### [THE PROBLEM]
The line containing "Anillo de calavera" and each line after it, through the final line of the data, are to be retyped exactly, with pictures left out.
• • • •
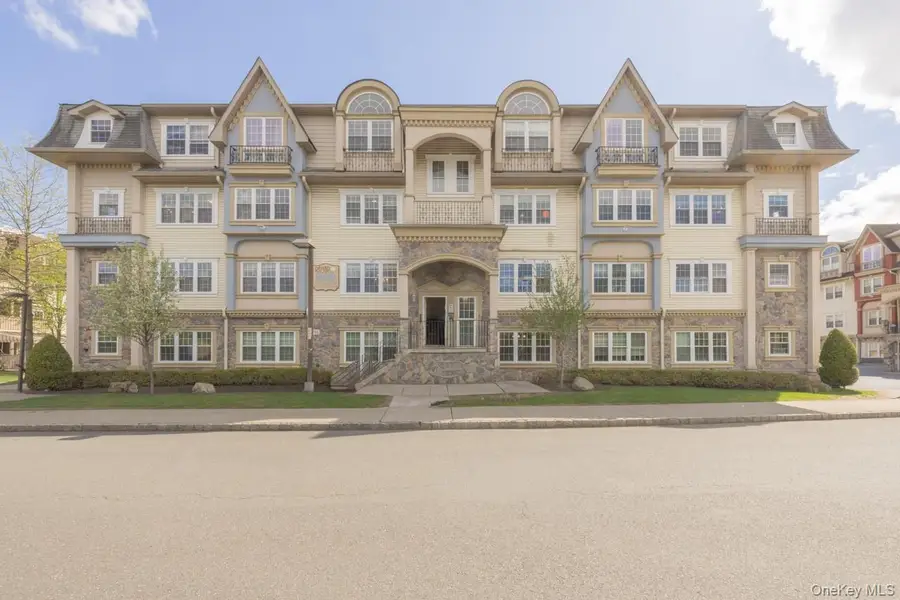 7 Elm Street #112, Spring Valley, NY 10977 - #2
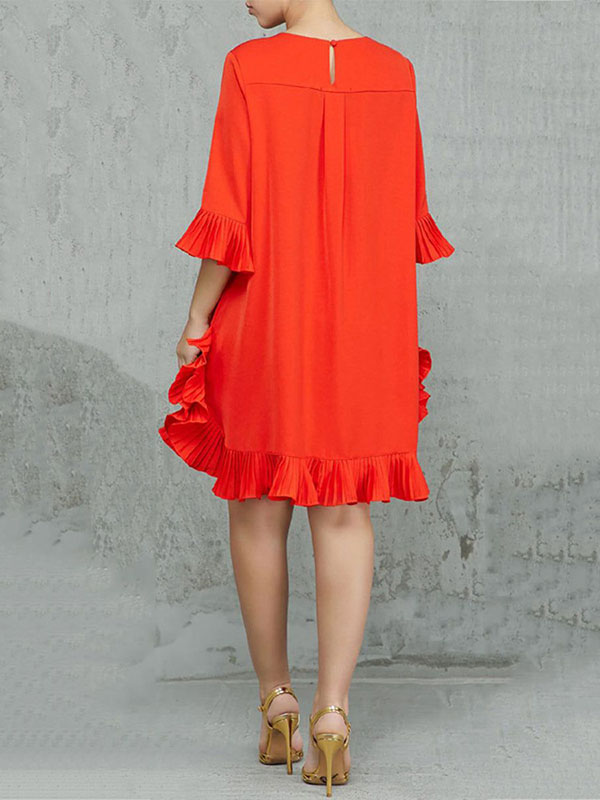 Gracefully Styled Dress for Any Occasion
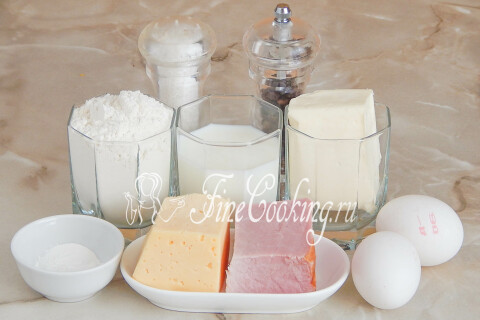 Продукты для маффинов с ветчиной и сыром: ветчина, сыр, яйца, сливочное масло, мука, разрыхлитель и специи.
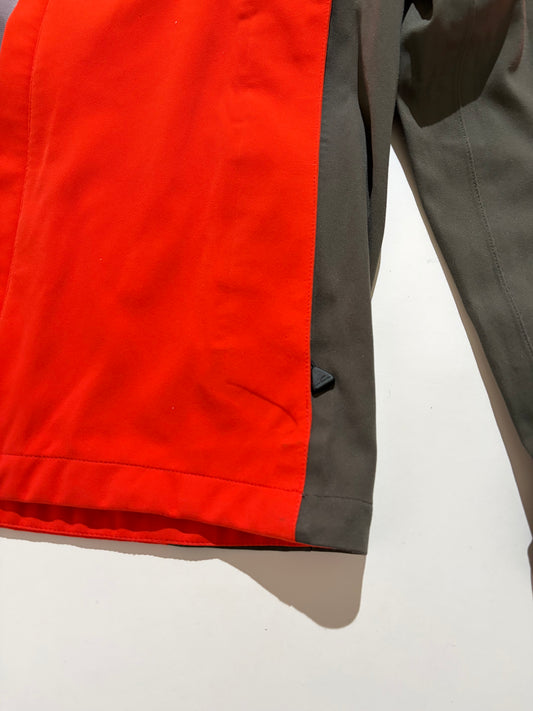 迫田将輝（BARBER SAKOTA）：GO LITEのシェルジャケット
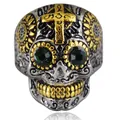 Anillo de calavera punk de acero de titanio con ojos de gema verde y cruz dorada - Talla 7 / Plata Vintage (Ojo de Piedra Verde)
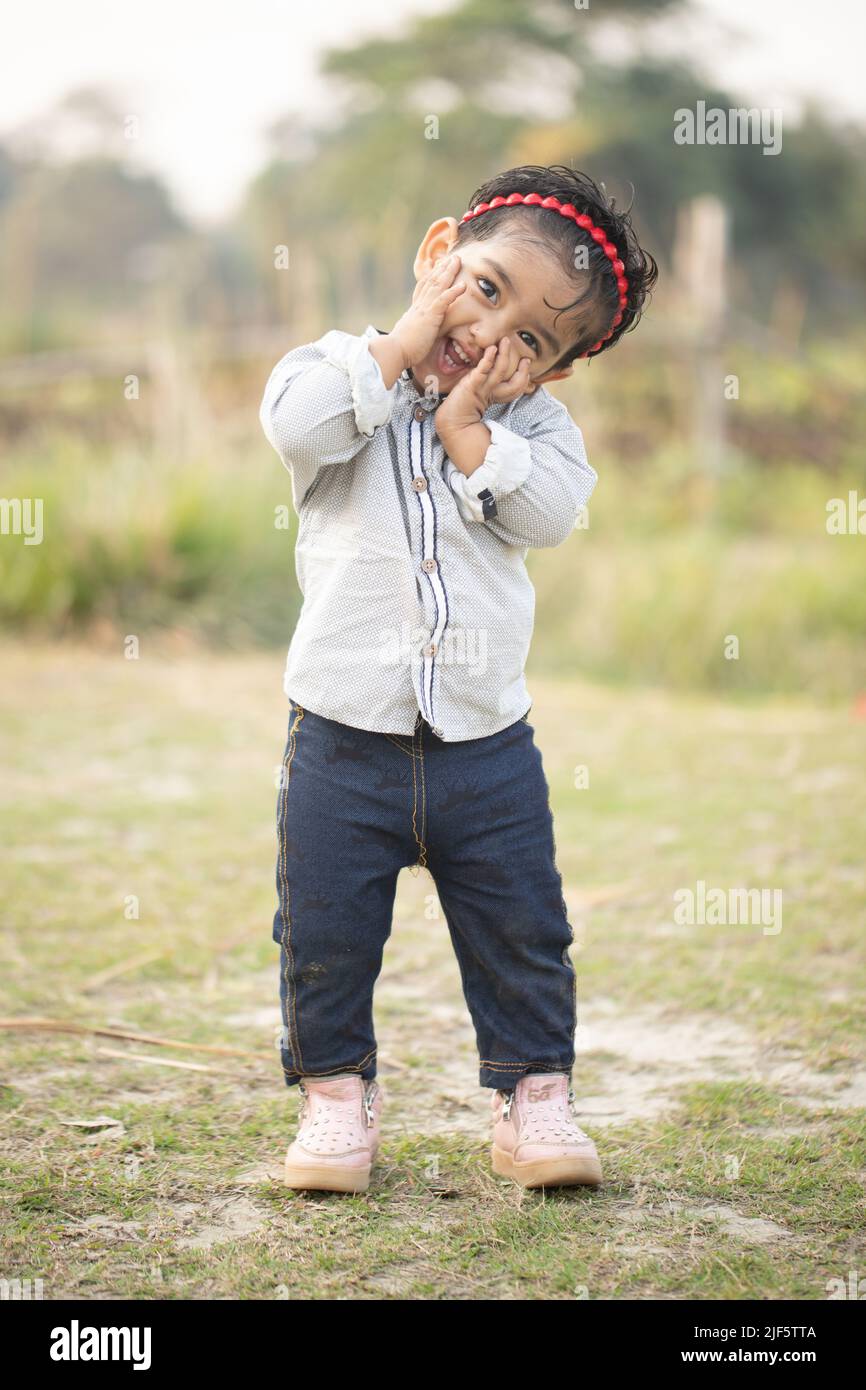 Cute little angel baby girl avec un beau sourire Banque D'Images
• • • •
### [ANSWER SPACE]
 Anillo de calavera punk de acero de titanio con ojos de gema verde y cruz dorada - Talla 7 / Plata Vintage (Ojo de Piedra Verde)
 Cute little angel baby girl avec un beau sourire Banque D'Images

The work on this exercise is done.